Off-Label Marketing
The Legal Part
The Federal Food Drug and Cosmetic Act (“FDCA”), provides a systematic scheme for the approval of new drugs and new drug formulations intended to be marketed for use in interstate commerce. Under the FDCA, a new drug product cannot be marketed unless the FDA approves the product and determines that it is safe and effective for its intended use. When the FDA approves a drug, it approves the drug only for the particular use for which it was tested, but after the drug is approved for a particular use, the FDCA does not regulate how the drug may be prescribed. Thus, a drug that has been tested and approved for one use only can also be prescribed by a physician for another use, known as “off-label.”
Though physicians may prescribe drugs for off-label usage known as off-label marketing, the FDA prohibits drug manufacturers from marketing or promoting a drug for a use that the FDA has not approved. A manufacturer illegally “misbrands” a drug if the drug’s labeling includes information about its unapproved uses. A drug is deemed misbranded unless its labeling bears adequate directions for use. The courts have agreed with the FDA that the FDCA requires information not only on how a product is to be used (e.g. dosage and administration), but also on all the intended uses of the product. Oral statements and materials presented at industry-support scientific and educational activities may provide evidence of a product’s intended use. If these statements or materials promote a use that is inconsistent with the product’s approved labeling, the product is misbranded under the FDCA for failure to bear labeling with adequate directions for all intended uses.
The Typical Story
One typical off-label story goes like this … In anticipation of achieving FDA approval, or shortly thereafter, the marketing arm of a manufacturer forms and implements a scheme to increase the sales of drug X while avoiding the substantial expense and delay of research and filing an original or supplemental New Drug Application (NDA) with the FDA for approval of expanded, or additional uses of X.
This scheme is carried out by employing, among other things:
a. the illegal direct solicitation of physicians for off-label uses;
b. the making of false statements to physicians and concerning the efficacy of X for off-label uses.

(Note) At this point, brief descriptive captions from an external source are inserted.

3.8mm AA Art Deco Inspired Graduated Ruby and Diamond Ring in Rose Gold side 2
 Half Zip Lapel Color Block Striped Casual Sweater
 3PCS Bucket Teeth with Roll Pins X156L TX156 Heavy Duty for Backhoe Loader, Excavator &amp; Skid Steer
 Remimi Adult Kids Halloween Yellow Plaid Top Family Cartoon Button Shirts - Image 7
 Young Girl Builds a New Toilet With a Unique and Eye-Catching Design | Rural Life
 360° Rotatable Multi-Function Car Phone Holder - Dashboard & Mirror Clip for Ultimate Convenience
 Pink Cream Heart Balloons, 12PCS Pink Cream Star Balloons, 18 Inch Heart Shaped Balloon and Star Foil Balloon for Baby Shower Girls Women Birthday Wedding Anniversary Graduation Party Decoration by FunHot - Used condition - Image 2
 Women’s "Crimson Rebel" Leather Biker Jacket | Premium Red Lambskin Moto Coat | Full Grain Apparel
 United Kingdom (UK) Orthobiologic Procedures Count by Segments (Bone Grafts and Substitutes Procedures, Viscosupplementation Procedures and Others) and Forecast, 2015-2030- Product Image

c. illegal kickbacks to physicians in order to induce them to prescribe large amounts of X for “off-label” purposes.
Indeed, sales representatives are instructed and trained how to make claims concerning the safety and efficacy of X for one or more off-label uses. Physicians can only learn of these off-label uses through the manufacturer’s marketing techniques, as the off-label uses are not published in the Drug Compendia as acceptable uses.